Recent years have seen boxing and kickboxing rise in popularity, especially amongst females.
Gyms are now making training more readily available for women who are interested in boxing and similar sports, but the sport is also becoming increasingly prevalent in our modern culture.For example, 2012 bought mass coverage to female boxing when Nicola Adams was the first woman to win an Olympic boxing title in London. In 2015 Ronda Rousey rose to fame after being considered the best female UFC fighter.
However, these sports have been surrounded by the judgement that they aren’t “feminine” for a long time. Some question whether women should be allowed to participate in more extreme sports or whether they should be strictly for males.
Public Opinion on Boxing
A recent survey revealed Bournemouth’s opinions on the issue and whether the sexist view that only men can box is still predominant.
Over 45 people across Bournemouth were questioned, with 89% answering yes; they felt women should be able to box.

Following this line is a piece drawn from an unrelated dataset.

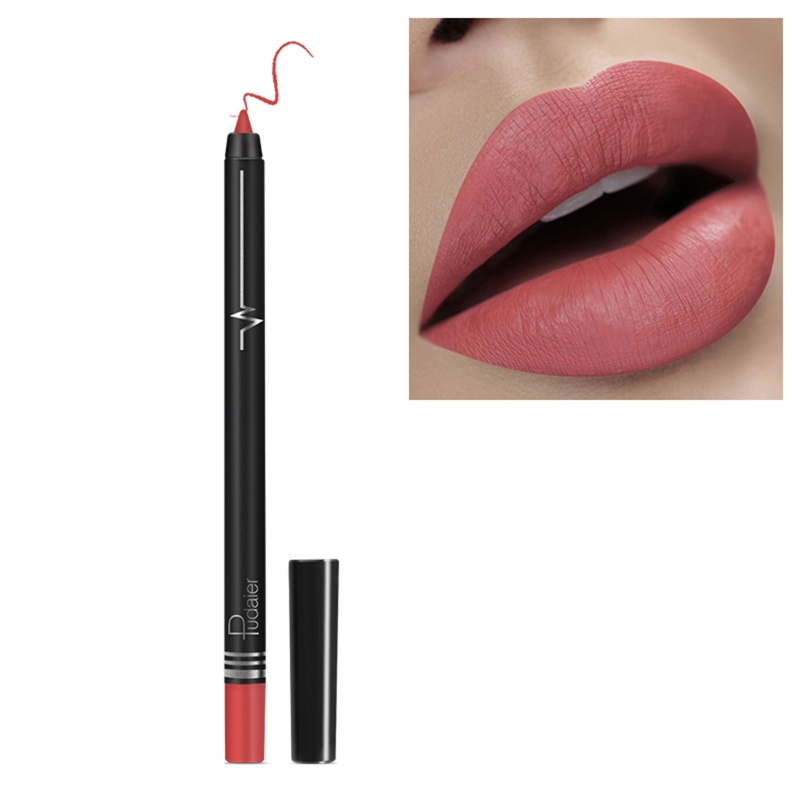 Bút Kẻ Viền Môi Màu Nhung Lì Lâu Trôi Suốt 24 Giờ Thương Hiệu brroa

One participant who preferred to remain anonymous said: “women should not be confined to gender normative roles and can do whatever they please”
“We shouldn’t take away a sport from women just because it’s ‘masculine’. Every gender should be treated the same when it comes to activity.”
However, results also showed the alternative view, with 11% suggesting that boxing should be gender exclusive.
Wendy Taylor, a 66-year-old Bournemouth resident, firmly disagreed with the idea, stating that: “I don’t like men fighting but women is much worse. Women shouldn’t be hit, it doesn’t sit comfortably with me.”
It is evidently clear that whilst there are still mixed views on boxing, a variety of gyms in Bournemouth offer more classes for women to train in, showing that sexism in sport is on the decline.